Canadian actor, improvisor, filmmaker, writer and director

Dana Andersen is a Canadian actor, improvisor, filmmaker, writer and director. He has served as director of the live improvised soap opera Die-Nasty, and has been a core member of the troupe since its founding in 1991. From 1995-1999, he co-hosted The Johnny and Poki Variety Hour at Edmonton's Varscona Theatre. His theatre credits include shows with Teatro la Quindicina, Panties Productions, and Rapid Fire Theatre. Film credits for Andersen include Purple Gas, Turnbuckle!, and Stray Dogs. He has written, directed and produced a number of independent films, including Rio Loco, Subplot, Subplot II and Hearts of Plastic.

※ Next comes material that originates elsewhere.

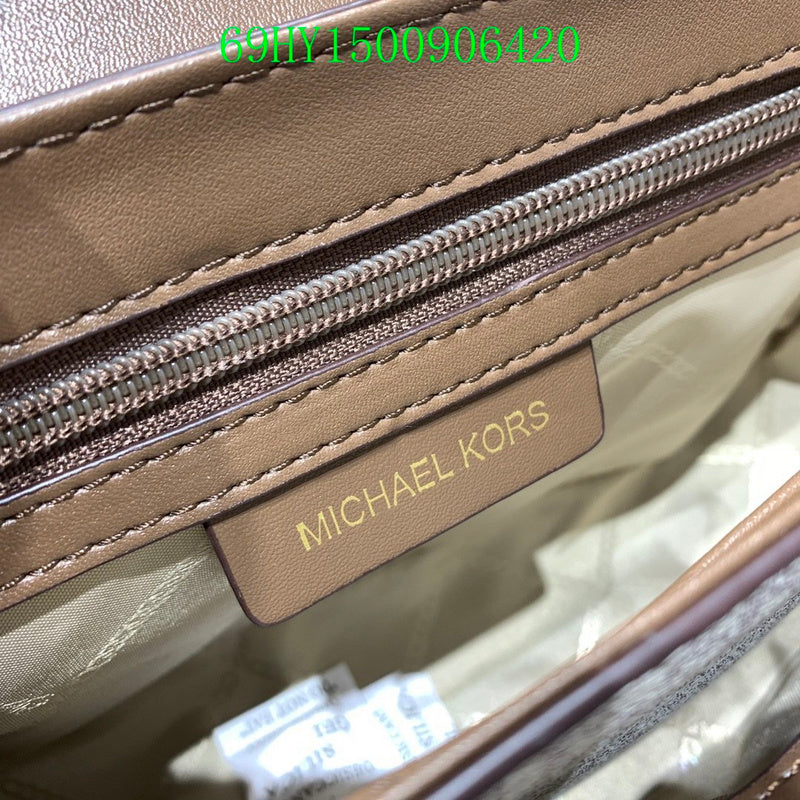 Satchel Bags - MK Bags - 598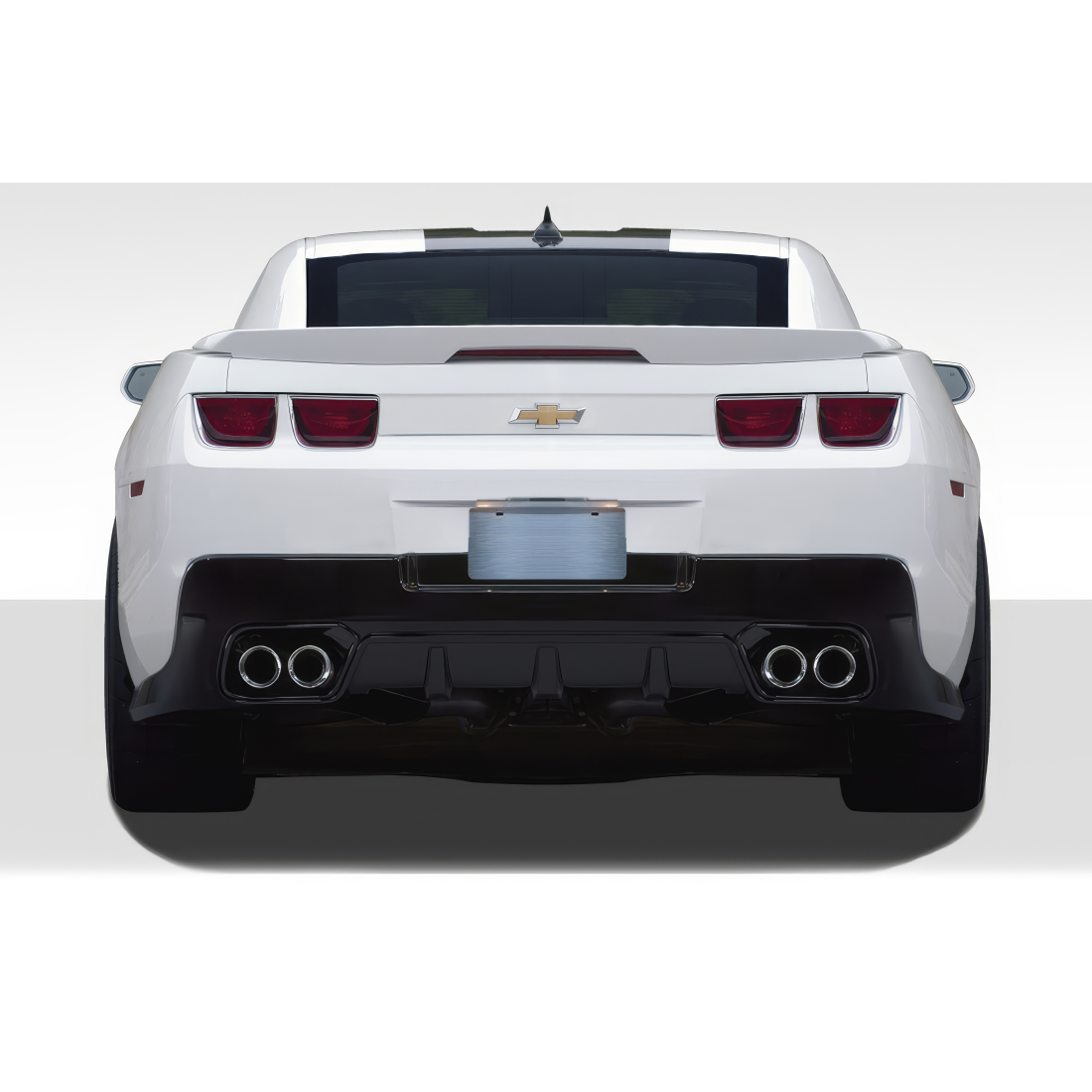 All kind of Exterior/Rear Bumpers or Lipsfor  Chevrolet Camaro 2010.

In March 2026 he was being treated for leukemia.

==Other work==

In 2005, Andersen exported the Die-Nasty company's annual Soap-A-Thon to England, working with legendary British theatre artist Ken Campbell to produce a 36-hour-long soap opera in London.

Several members of Campbell's company made the pilgrimage to Canada in 2006 and 2007 to take part in the original 53-hour-long event. In January 2008, Andersen returned to London (along with several members of the Die-Nasty troupe) to direct the 50-hour Improvathon at the People Show Studios. There, he worked with Adam Meggido, Oliver Senton, and Ruby Lake. He was joined by Canadian improvisors Mark Meer, Kory Mathewson, Matt Alden, Kurt Smeaton, Davina Stewart, Jamie Knifefight Cavanagh, and Belinda Cornish, as well as musical director Jan Randall.

Andersen is the recipient of a Dora Mavor Moore Award for co-writing the revue Not Based on Anything by Stephen King with Second City. He has been nominated for several Elizabeth Sterling Haynes Awards, and received the Sterling Award for Outstanding Fringe Production for co-writing and starring in the play Giant Ants.